══ Records provided ══

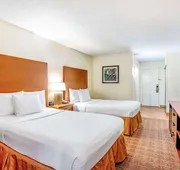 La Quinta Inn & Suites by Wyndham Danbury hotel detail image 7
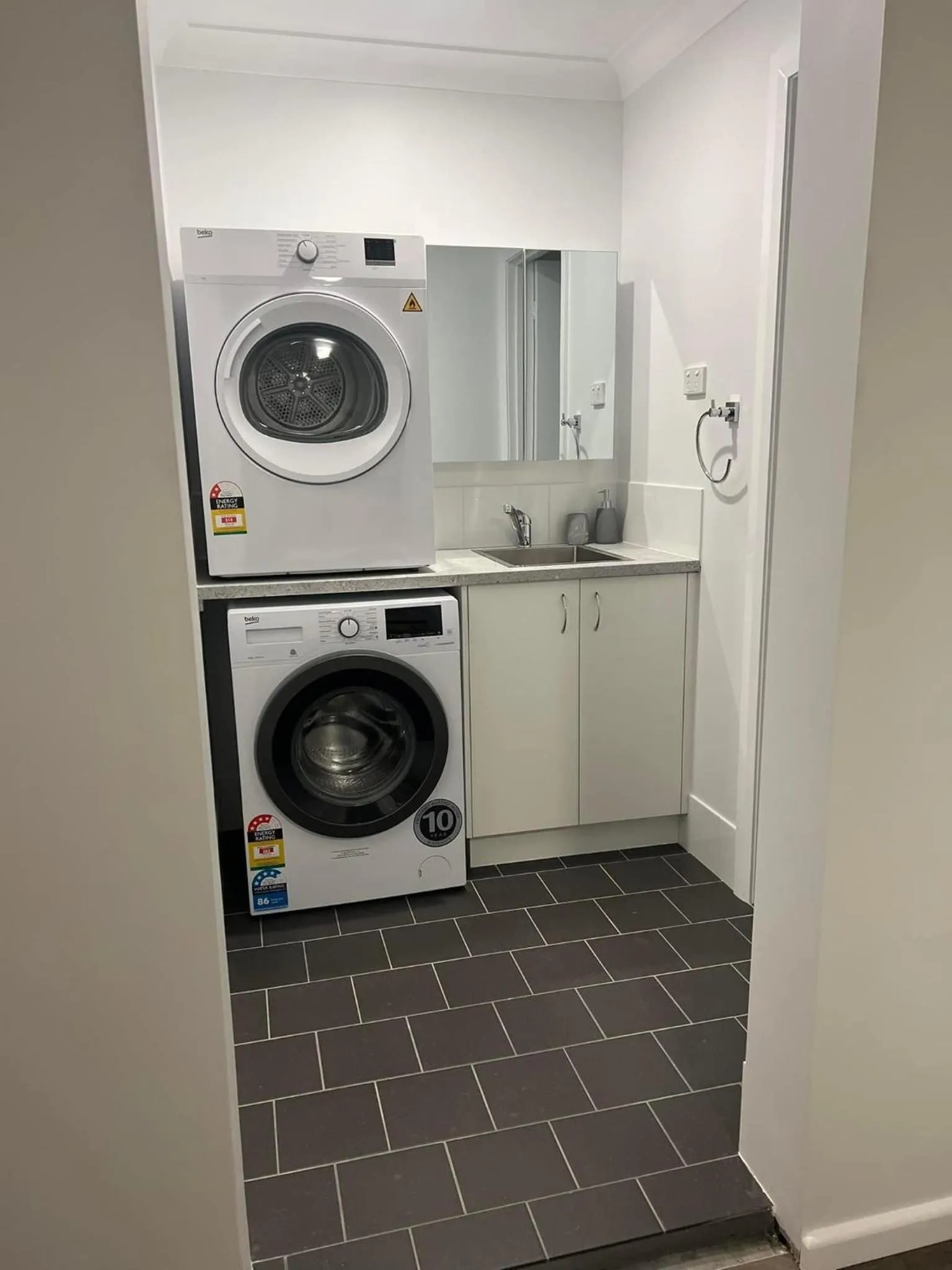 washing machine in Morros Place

═══
══ Records provided ══

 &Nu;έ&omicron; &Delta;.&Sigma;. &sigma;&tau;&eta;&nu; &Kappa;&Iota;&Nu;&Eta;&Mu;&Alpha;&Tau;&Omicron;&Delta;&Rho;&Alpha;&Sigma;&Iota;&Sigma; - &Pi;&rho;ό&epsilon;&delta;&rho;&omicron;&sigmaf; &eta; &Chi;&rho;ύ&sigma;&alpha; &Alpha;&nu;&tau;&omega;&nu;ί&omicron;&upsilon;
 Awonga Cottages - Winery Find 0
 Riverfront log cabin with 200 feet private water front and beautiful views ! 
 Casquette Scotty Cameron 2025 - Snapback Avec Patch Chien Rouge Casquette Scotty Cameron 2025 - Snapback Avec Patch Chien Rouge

═══

Your answer should consist only of the lines above between the line holding "Awonga Cottages - Winery Find 0" and the line holding "Chien Rouge Casquette", inclusive, each transcribed exactly.

 Awonga Cottages - Winery Find 0
 Riverfront log cabin with 200 feet private water front and beautiful views ! 
 Casquette Scotty Cameron 2025 - Snapback Avec Patch Chien Rouge Casquette Scotty Cameron 2025 - Snapback Avec Patch Chien Rouge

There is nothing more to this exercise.